Leon Botstein’s program, “New York Avant-Garde”, took as its point of departure the famed “Armory Show of 1913” that formally introduced New York to the new “modernism” in visual art.  Botstein suggests that this program had echoes in music that first began to be expressed in New York concert halls after World War I, in a burst of musical modernism that extended to the end of the 1920s.  This showcase for the avant-garde presented music by George Antheil (A Jazz Symphony 1925), Charles Griffes (Poem for Flute and Orchestra (1918), Aaron Copland (Organ Symphony 1924), Carl Ruggles (Men and Mountains 1924), and Edgard Varese (Ameriques 1918-21).  The particular Carnegie connection was that the first and last of these pieces were first performed at Carnegie Hall during the 1920s, the Varese in a performance conducted by Leopold Stokowski, who would later in his career found and conduct the ASO.

I thought the concert was very successful, especially given the uncertainties of the day that had resulted in some juggling of last-minute rehearsal time.  The ASO secured the services of three excellent soloists.   Pianist Blair McMillen was a joy to hear and to watch as he threw himself body and soul into the Antheil Jazz Symphony, which is not quite a piano concerto but at times seems to think it is one, with extended piano cadenzas that McMillen tossed off insouciantly.  Randolph Bowman, principal flutist for the Cincinnati Symphony and the ASO’s summer seasons at Bard College, was excellent in the sumptuous Griffes piece.  Stephen Tharp pulled out all the stops (couldn’t resist that) in the Copland, whose organ part was originally conceived for Nadia Boulanger’s American tour and appearances with the Boston Symphony and New York Symphony.  This first half of the concert was just one thrill after another.

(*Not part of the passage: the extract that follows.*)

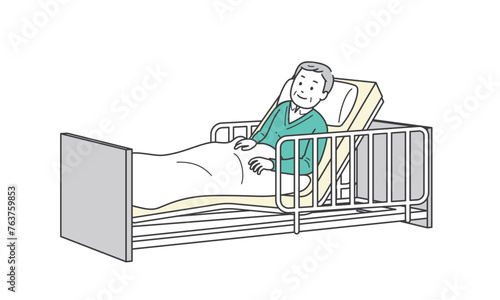 ベッドで横になる高齢男性と介護ベッドのイラスト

I was a bit less thrilled by the second half.  I’ve never quite “gotten” Ruggles.  Although at times I find his orchestration to be interesting, I don’t get a feeling of organic flow to his compositions, which to me are an essential part of music.  It feels too static, too granitic, although on this occasion I had a more favorable reaction to the middle movement – Lilacs – which actually seemed to flow in the hands of the ASO string players, who made a warm sound amidst the pounding brass of the outer movements. 

The first time I heard Ameriques at Carnegie Hall, Christoph von Dohnanyi was conducting the Cleveland Orchestra.  On that occasion, it struck me forcibly how strongly influenced Varese was influenced by Stravinsky’s Le Sacre du Printemps, which was first performed shortly before World War I broke out.  I was less struck by the resemblance at the ASO concert, perhaps because Botstein’s interpretation was less overtly aggressive than Dohnanyi’s. 

Overall, however, I thought this was a useful concert for bringing to light music that doesn’t get played very much, and the orchestra did a marvelous job of pulling it together and making it work.